Charles William Young, better known to many as Bill Young was first elected to the US House of Representatives in 1971, where he represented the people of the sunshine state of Florida.  At the beginning of last October, Young was admitted to Walter Reed Hospital suffering from a broken hip and fractured pelvis.  Young also suffered from a blood cancer concentrated in the bone marrow that caused his bones to become very brittle, which prevented the doctors from being able to surgically repair his hip and pelvis.  Rep. Bill Young died on October 18 at the age of 80.  At the time of his death, Young was the longest serving Republican in Congress.

Florida’s 13th District held their special election yesterday to send a replacement for Young to Congress.  Nearly $9 million was spent by groups outside the district in the special election that is being billed as the first test of Obamacare in this year’s midterm elections.

The Democrats put up Adelaide Alexander (Alex) Sink who served as the treasurer for the Board of Trustees of the Florida State Board of Administration and then later she served as the Chief Financial Officer for the State of Florida.  In 2010, Sink ran for governor and lost to Republican Rick Scott by a mere 1% of the vote.

A couple weeks ago, I wrote about Sink’s public statement about the need for immigration reform that should have turned off all Hispanic voters.  At a recent campaign forum, Sink presented her reasons as to why we need immigration reform:

“Immigration reform is important in our country. We have a lot of employers over on the beaches that rely upon workers and especially in this high-growth environment, where are you going to get people to work to clean our hotel rooms or do our landscaping? We don’t need to put those employers in a position of hiring undocumented and illegal workers.”

Sink’s opponent in the special election is Republican David Jolly (no relation).  Jolly is an attorney who served as general counsel for the late Rep. Bill Young.  He fully supports the Second Amendment right to keep and bear arms, pro-life, reducing government spending and lowering taxes, but perhaps the most important of his stands is his opposition to Obamacare.

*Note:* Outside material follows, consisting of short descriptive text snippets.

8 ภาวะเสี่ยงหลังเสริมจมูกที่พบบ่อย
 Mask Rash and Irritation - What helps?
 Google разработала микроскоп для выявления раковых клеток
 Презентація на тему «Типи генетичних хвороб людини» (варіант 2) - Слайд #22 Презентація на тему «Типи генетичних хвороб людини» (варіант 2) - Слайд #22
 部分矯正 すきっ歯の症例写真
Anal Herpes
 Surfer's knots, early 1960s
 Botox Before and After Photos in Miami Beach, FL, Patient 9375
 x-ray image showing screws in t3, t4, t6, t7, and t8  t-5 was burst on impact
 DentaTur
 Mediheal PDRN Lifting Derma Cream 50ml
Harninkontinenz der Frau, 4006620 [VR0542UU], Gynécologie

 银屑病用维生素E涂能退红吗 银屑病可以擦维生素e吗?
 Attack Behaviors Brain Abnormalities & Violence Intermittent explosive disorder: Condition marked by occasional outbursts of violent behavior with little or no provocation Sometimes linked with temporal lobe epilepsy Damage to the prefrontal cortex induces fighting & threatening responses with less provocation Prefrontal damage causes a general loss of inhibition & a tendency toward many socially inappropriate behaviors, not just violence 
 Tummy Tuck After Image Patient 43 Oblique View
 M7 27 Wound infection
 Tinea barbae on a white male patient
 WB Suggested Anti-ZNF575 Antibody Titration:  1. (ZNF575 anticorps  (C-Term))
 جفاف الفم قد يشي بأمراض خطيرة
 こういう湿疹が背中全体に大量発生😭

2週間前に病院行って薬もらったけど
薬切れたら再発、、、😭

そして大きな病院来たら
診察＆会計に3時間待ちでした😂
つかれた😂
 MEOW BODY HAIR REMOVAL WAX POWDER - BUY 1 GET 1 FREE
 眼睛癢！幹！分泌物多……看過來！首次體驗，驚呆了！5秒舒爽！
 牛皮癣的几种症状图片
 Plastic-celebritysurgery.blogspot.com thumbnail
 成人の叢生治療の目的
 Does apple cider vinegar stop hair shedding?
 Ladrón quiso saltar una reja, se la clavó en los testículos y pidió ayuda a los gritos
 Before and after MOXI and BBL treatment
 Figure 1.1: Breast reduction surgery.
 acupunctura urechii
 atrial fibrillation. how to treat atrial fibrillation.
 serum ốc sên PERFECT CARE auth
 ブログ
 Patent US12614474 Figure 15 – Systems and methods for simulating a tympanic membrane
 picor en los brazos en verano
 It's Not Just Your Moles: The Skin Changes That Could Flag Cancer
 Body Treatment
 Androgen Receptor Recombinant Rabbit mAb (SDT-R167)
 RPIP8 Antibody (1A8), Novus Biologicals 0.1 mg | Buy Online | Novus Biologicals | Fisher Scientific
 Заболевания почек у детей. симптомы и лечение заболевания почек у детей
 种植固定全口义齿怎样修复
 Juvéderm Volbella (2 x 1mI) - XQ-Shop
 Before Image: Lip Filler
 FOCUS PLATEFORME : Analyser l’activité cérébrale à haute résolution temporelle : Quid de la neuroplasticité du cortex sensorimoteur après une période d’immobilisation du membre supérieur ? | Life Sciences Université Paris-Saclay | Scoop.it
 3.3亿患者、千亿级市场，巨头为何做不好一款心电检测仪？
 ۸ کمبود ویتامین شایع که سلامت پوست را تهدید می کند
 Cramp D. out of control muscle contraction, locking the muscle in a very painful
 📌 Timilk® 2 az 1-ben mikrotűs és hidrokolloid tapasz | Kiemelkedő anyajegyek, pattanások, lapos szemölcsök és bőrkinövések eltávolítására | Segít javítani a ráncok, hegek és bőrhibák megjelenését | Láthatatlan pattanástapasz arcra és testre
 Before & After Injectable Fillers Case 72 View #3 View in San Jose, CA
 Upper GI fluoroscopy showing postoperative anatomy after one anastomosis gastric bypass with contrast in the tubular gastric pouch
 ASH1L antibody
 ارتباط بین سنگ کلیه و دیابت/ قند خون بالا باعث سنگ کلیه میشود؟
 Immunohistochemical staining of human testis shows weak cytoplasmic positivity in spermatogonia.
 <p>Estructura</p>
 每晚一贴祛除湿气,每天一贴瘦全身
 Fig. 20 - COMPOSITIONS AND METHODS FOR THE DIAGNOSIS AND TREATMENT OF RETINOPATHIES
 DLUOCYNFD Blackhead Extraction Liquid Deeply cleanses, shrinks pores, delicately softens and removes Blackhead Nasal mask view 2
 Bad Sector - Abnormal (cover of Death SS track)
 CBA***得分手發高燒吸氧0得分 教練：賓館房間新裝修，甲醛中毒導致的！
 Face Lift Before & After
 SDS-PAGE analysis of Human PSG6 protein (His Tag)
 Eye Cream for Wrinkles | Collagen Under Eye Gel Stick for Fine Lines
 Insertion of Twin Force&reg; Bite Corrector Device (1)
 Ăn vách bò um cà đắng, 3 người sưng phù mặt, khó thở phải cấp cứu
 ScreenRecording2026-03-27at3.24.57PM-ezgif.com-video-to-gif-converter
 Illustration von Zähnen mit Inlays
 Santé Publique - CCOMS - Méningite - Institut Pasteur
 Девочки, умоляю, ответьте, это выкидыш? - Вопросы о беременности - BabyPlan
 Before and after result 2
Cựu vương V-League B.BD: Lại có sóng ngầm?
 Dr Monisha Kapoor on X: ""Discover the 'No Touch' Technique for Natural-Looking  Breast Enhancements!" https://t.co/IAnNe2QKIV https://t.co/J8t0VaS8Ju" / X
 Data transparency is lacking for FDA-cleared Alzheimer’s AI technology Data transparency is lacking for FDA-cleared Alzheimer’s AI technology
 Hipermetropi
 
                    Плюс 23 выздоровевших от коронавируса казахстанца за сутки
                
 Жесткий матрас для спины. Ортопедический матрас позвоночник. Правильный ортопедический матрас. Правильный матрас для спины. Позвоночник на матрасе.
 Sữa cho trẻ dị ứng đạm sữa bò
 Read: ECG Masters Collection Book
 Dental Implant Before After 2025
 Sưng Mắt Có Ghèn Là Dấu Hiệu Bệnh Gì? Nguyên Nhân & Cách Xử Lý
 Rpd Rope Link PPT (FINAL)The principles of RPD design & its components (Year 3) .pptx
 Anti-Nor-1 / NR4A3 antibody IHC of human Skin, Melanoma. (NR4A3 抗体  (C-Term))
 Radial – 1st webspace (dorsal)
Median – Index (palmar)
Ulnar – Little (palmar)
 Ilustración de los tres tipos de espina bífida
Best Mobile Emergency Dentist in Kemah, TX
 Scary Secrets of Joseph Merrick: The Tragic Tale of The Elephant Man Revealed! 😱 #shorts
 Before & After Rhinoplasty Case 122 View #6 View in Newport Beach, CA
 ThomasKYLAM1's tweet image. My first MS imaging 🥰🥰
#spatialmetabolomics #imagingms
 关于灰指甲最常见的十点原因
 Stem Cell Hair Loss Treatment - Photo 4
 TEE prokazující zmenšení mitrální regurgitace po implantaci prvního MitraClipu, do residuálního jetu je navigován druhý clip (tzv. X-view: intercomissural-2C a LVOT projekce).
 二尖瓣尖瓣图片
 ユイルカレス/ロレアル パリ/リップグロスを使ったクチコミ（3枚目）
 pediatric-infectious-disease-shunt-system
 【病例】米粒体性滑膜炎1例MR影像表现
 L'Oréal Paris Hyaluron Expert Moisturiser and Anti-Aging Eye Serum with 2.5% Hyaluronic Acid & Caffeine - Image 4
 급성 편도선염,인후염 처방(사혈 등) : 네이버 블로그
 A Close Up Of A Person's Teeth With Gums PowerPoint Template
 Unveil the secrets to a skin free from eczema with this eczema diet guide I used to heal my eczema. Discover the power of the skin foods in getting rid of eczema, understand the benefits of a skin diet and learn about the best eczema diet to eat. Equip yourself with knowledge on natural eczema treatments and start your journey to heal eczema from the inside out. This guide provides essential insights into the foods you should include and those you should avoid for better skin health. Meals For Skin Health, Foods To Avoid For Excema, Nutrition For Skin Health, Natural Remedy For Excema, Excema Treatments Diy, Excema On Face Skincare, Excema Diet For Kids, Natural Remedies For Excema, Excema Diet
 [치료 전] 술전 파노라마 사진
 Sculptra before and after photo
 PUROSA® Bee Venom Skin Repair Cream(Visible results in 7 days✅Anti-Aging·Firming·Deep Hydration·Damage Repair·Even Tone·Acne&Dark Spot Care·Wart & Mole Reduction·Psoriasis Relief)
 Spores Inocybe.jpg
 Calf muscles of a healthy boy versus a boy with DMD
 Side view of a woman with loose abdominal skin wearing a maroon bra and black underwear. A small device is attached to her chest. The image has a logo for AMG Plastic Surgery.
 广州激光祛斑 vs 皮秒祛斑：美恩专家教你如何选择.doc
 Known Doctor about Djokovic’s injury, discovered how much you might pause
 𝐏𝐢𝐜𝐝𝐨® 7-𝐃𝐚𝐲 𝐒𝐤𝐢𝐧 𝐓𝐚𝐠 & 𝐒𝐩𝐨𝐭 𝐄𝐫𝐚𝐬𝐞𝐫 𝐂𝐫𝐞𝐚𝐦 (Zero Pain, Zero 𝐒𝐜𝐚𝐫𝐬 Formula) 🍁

The pre-election polls showed that the race was close.  Some showed Sink in the lead by a couple percentage points and others had Jolly in the lead.  Which political agenda won: immigration reform (so that we have hotel and lawn workers) or the repeal of Obamacare?

The results are in and Jolly defeated Sink 48.4% to 46.5%.  His anti-Obamacare campaign won out over Sink’s immigration reform campaign.  This could well set the tone for the fight over Obamacare in the rest of the 2014 midterm elections.  In fact, it just may help Republicans regain control of the Senate as well as maintain control of the House.  If that happens, Obamacare may soon be a nightmare of the past.